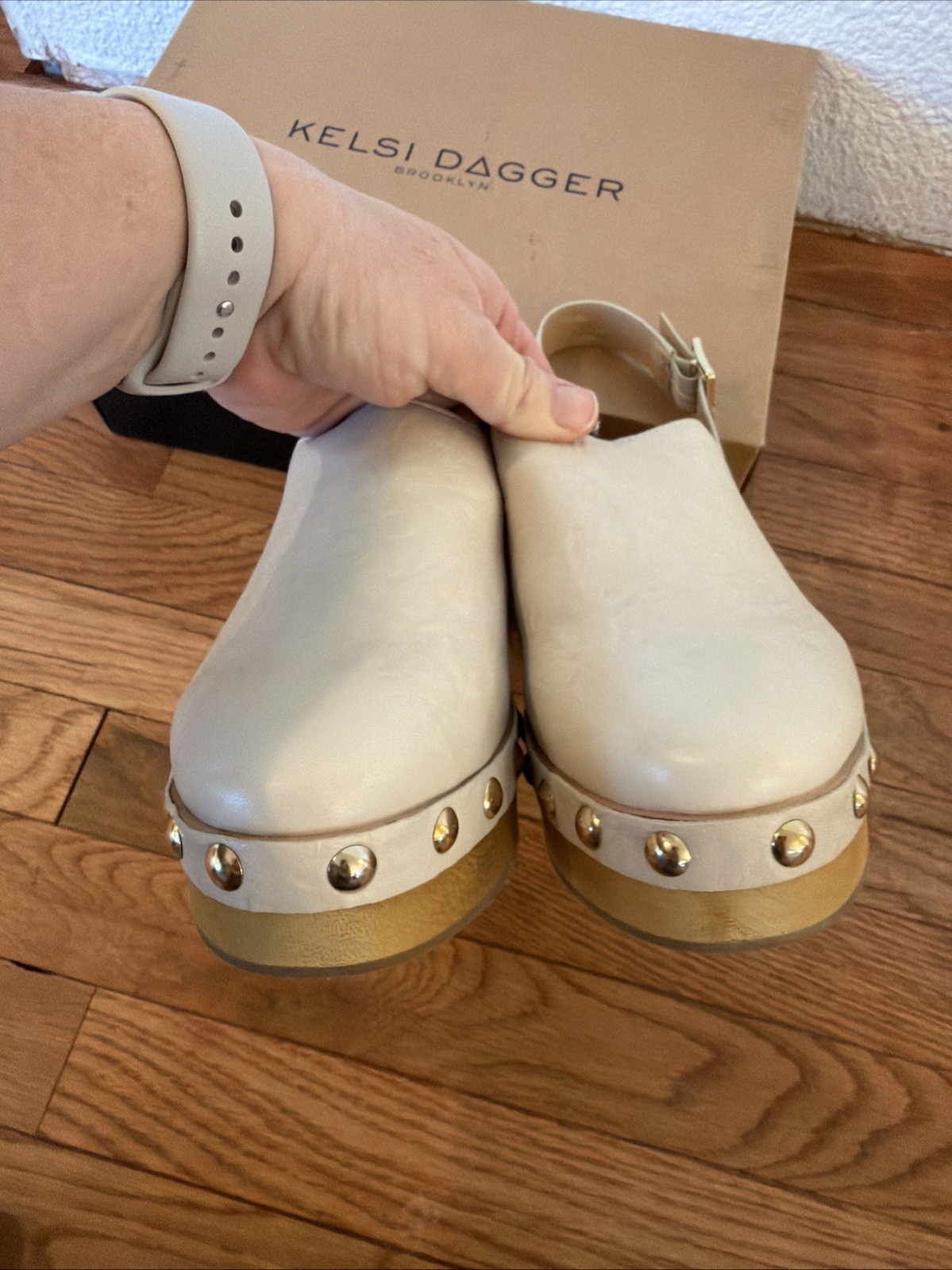 Kelsi Dagger Brooklyn Warehouse Sling Back Clogs Macaroon Vegan Leather 9.5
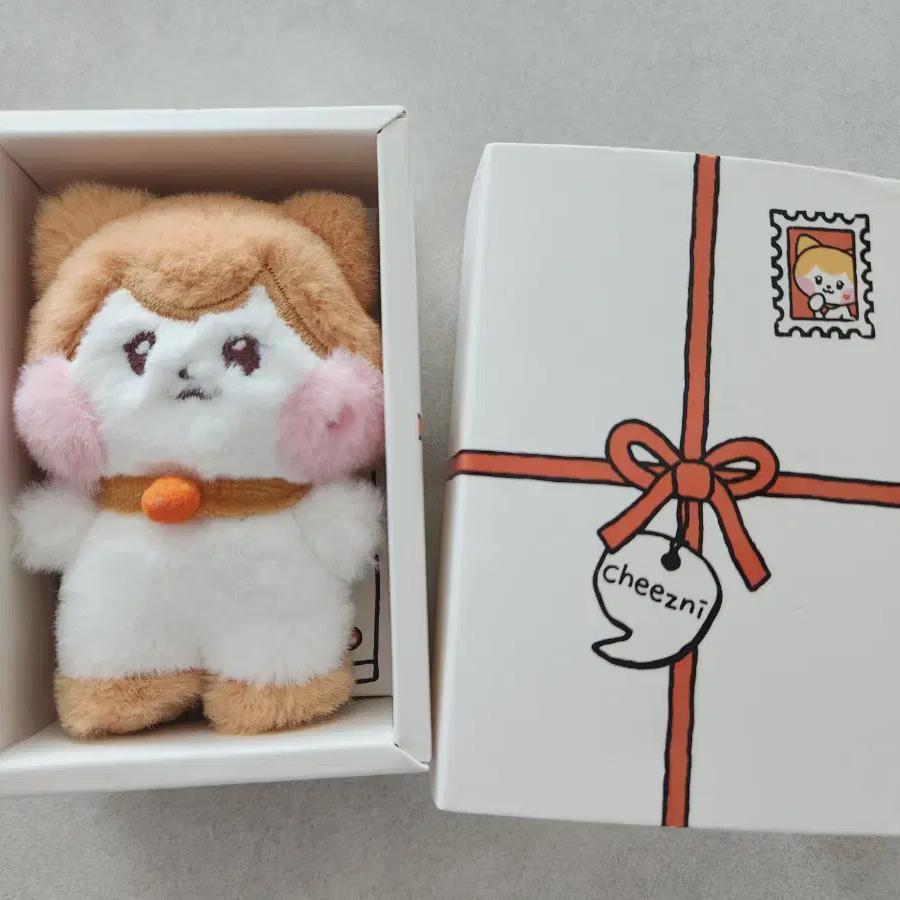 

Ive Mini-ni Liz Cheese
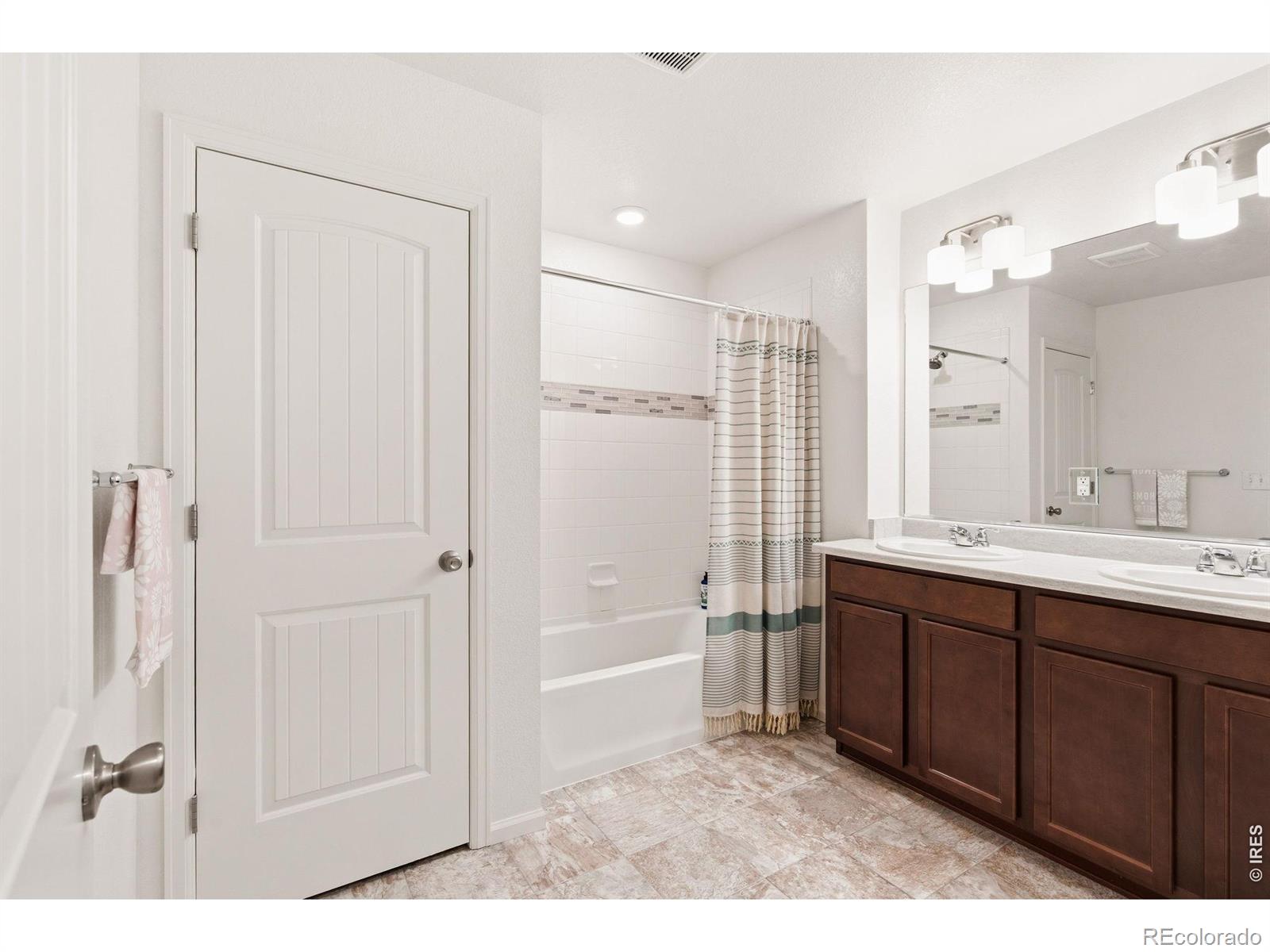 MLS Image #25 for 1916  coopers hawk court,brighton, Colorado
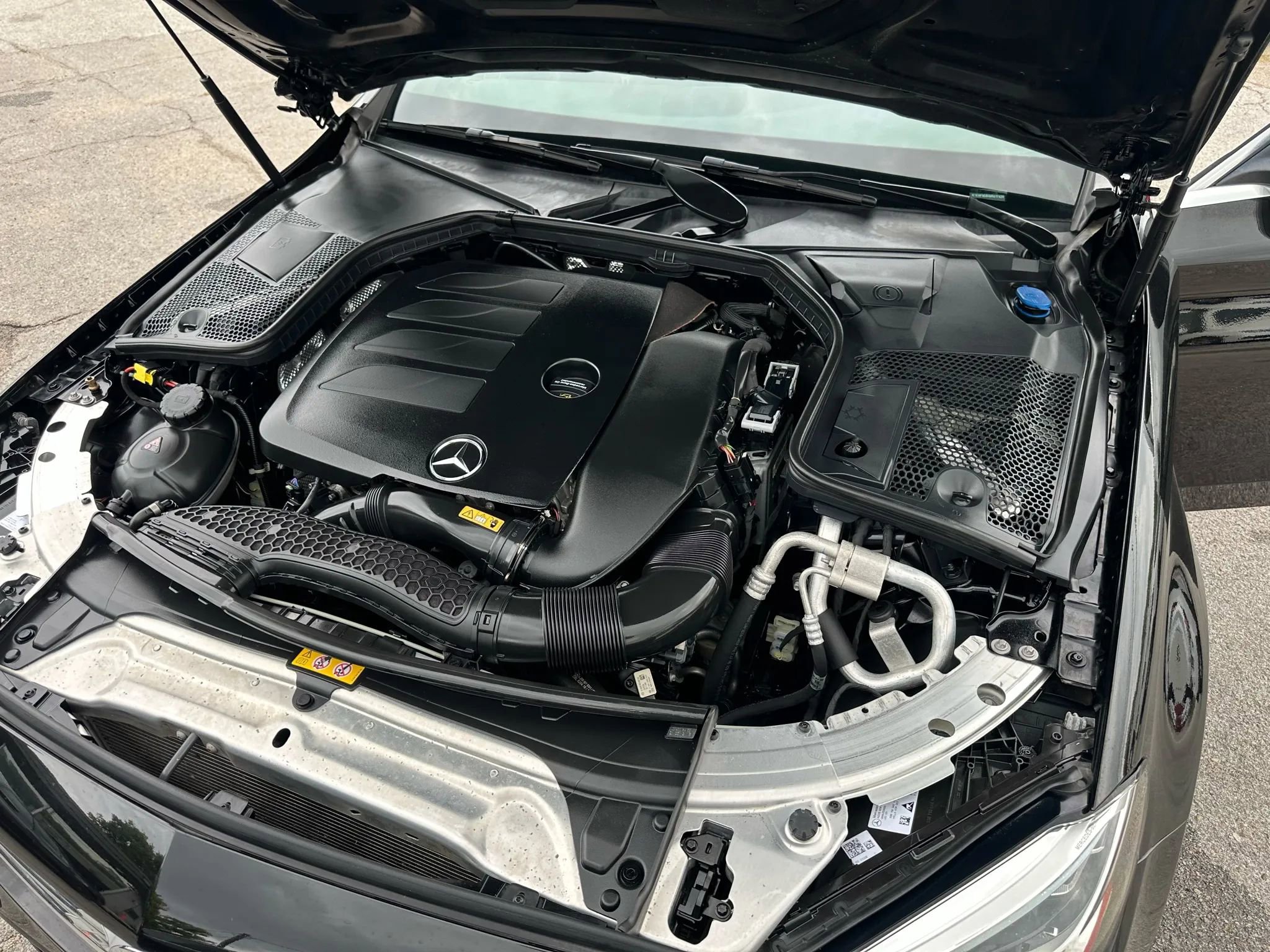 Used 2021 Mercedes-Benz C 300 4MATIC Sedan image 22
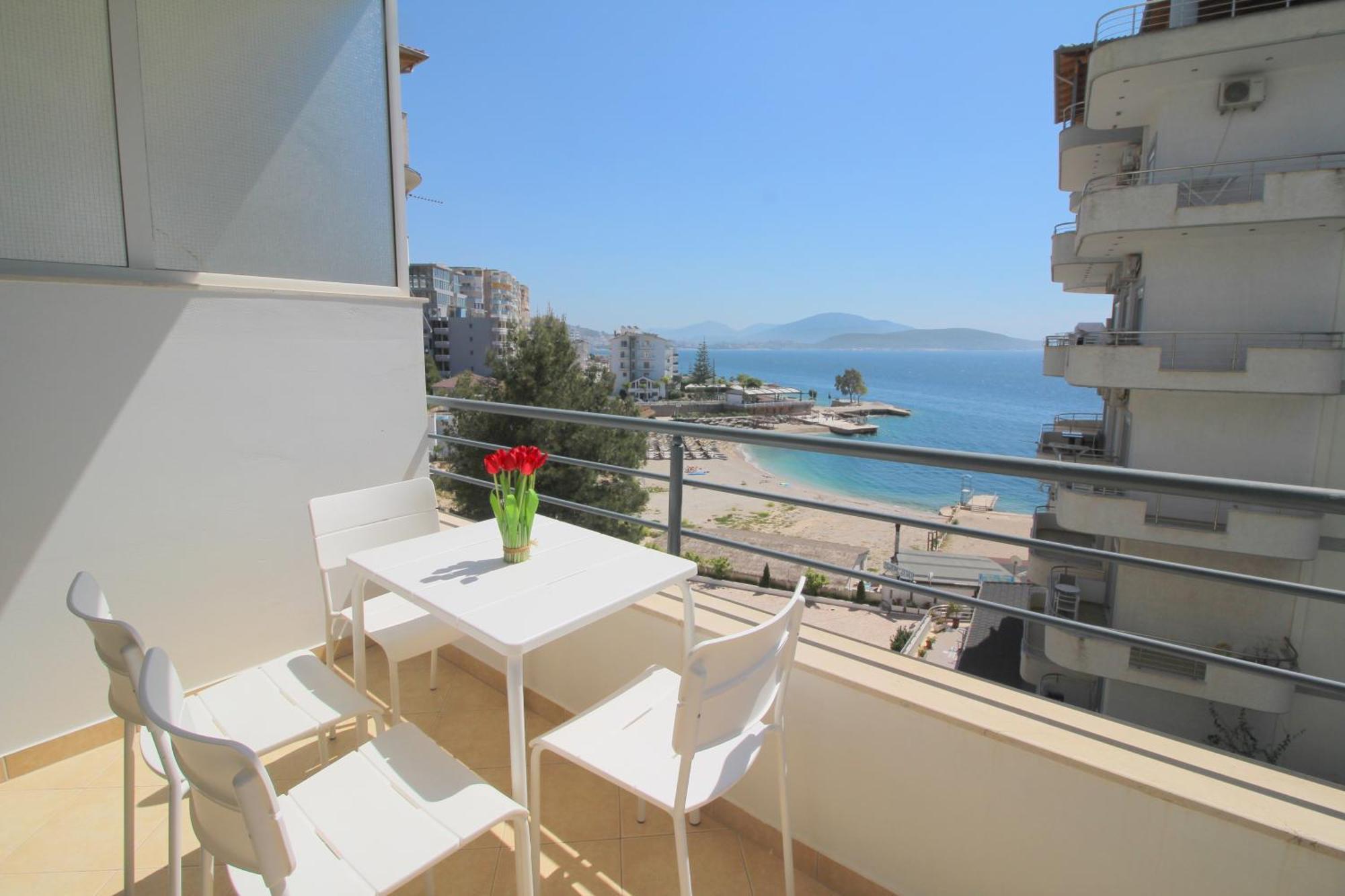 Blue Residence Sarandë エクステリア 写真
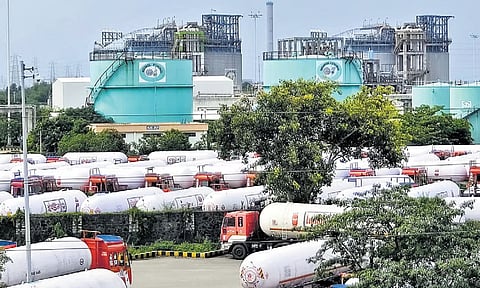 எல்.பி.ஜி. டேங்கர் லாரிகள் வேலைநிறுத்தம் வாபஸ் - கியாஸ் தட்டுப்பாடு அச்சம் விலகல்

_AIM OF THE EXERCISE_.
An exact reprint of every record is required, with the pictures omitted.

_OUTPUT OF THE EXERCISE_.
 Kelsi Dagger Brooklyn Warehouse Sling Back Clogs Macaroon Vegan Leather 9.5

Ive Mini-ni Liz Cheese
 MLS Image #25 for 1916  coopers hawk court,brighton, Colorado
 Used 2021 Mercedes-Benz C 300 4MATIC Sedan image 22
 Blue Residence Sarandë エクステリア 写真
 எல்.பி.ஜி. டேங்கர் லாரிகள் வேலைநிறுத்தம் வாபஸ் - கியாஸ் தட்டுப்பாடு அச்சம் விலகல்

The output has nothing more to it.